Irvine is the best run city in the country, according to USA Today.
Meanwhile, my hometown, San Bernardino, is ranked the worst-run city.
I think I'm more surprised by Irvine's placement on the list than Smog Berdoo's.
USA Today reports an area's economy, job market, crime level and welfare of the population figured into the rankings.
Here's why Irvine was numero uno:
1. Irvine, California
> Population: 230,000 (86th largest)
> Credit rating: not rated
> Violent crime per 100,000: 51 (the lowest)
> 2012 Unemployment rate: 5.7% (tied-10th lowest)

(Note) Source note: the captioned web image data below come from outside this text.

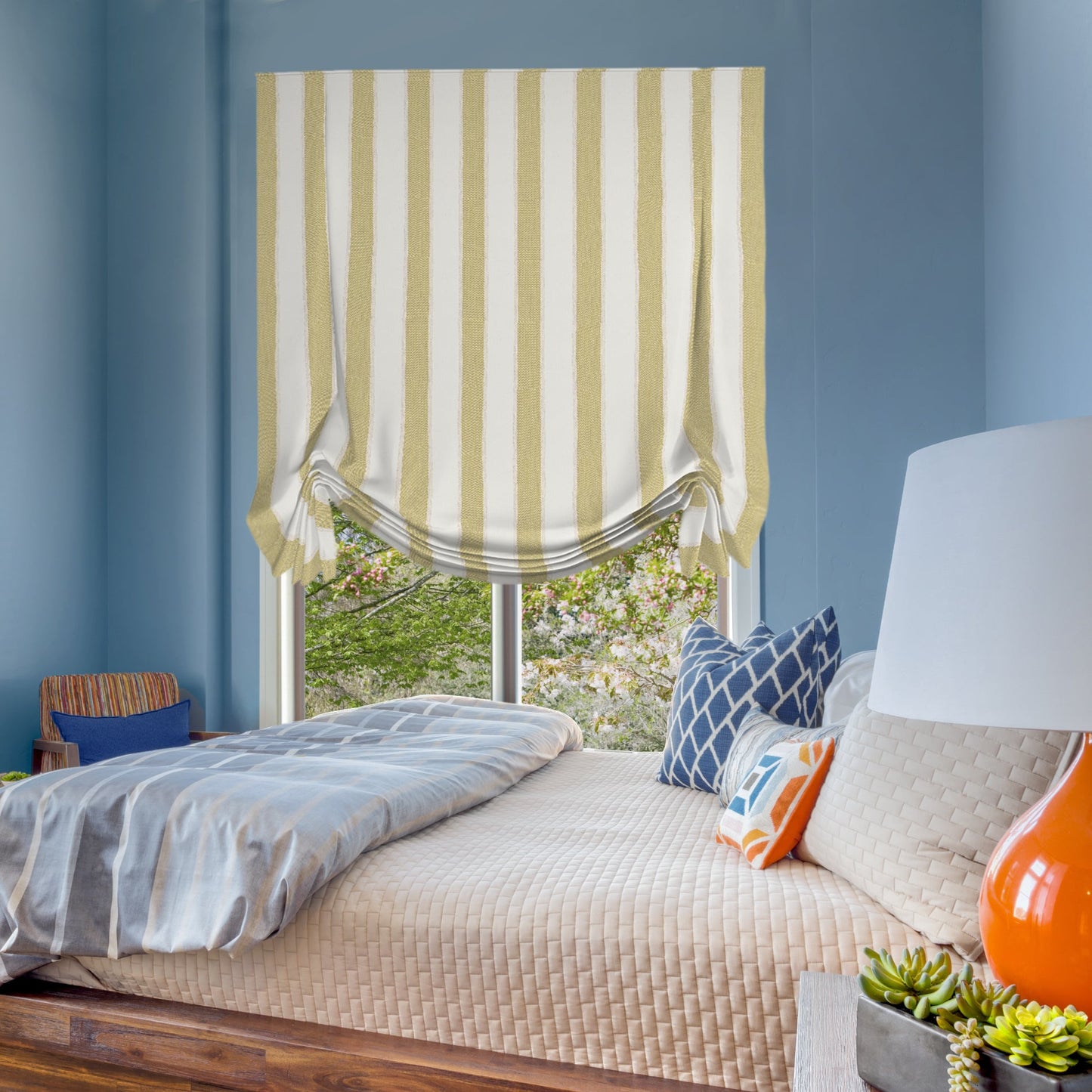 Chamberlain Tulip Roman Shade — Custom Size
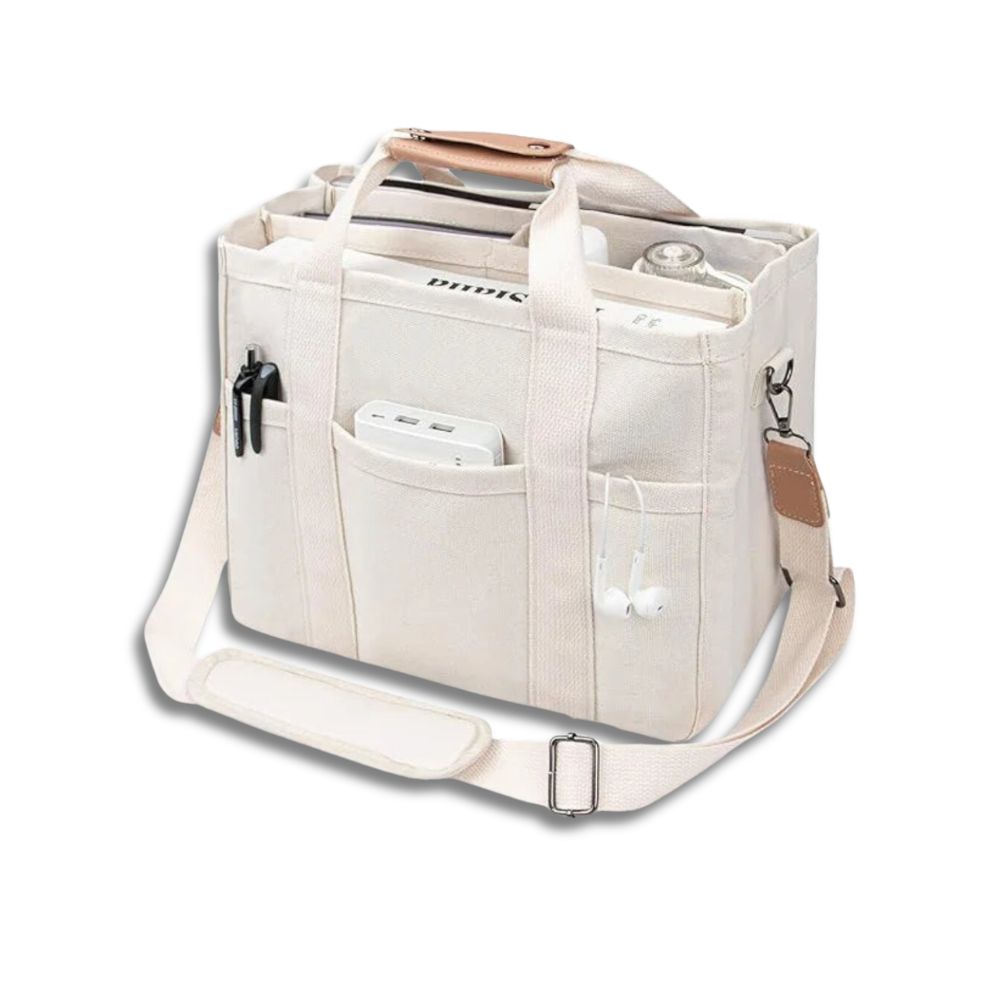 Max | Canvas Crossbody Messenger Travel Bag with Multi Pockets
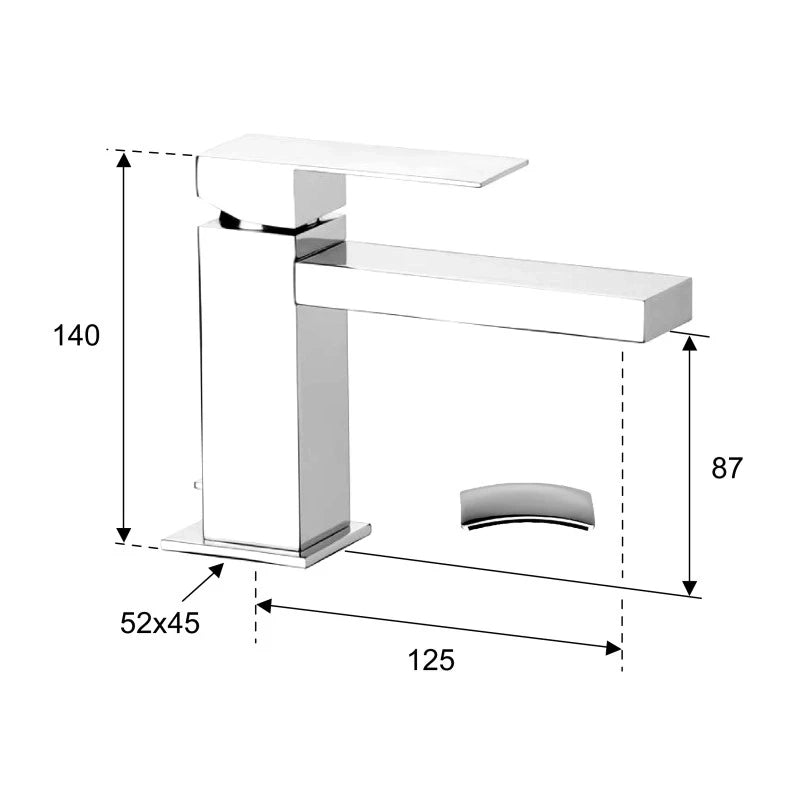 Rubinetto miscelatore lavabo serie q design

Irvine has a very well-educated population. Last year, 97% of Irvine adults had at least a high school diploma, and more than two-thirds had at least a bachelor's degree. The city is home of the University of California, Irvine, which is the top local employer. The heavy concentration of well-educated adults has also led to higher incomes. Irvine's median household income was around $96,000 last year, exceeding that of nearly every other large city. The typical Irvine home cost about $630,400 last year, more than any other large U.S. city except San Francisco. The city was also one of the safest in the nation, with only 51 violent crimes per 100,000 people.
Following Irvine (in order) are: Fremont, California; Plano, Texas; Lincoln, Nebraska; and Virginia Beach, Virginia.
San Bernardino managed to, uh, top(?) Detroit by having filed for bankruptcy in the face of a $46 million deficit. Also cited were: falling tax revenues; poor financial planning (including inaccurate reporting from city officials); a housing market in crisis; low median household incomes; a 16 percent unemployment rate last year (nearly double the national rate of 8.1 percent); and less than 11 percent of adults living there have a bachelor's degree or higher last year, the smallest percentage of any large U.S. city.
Next came Detroit, then Newark, New Jersey, then Miami and finally Stockton, California.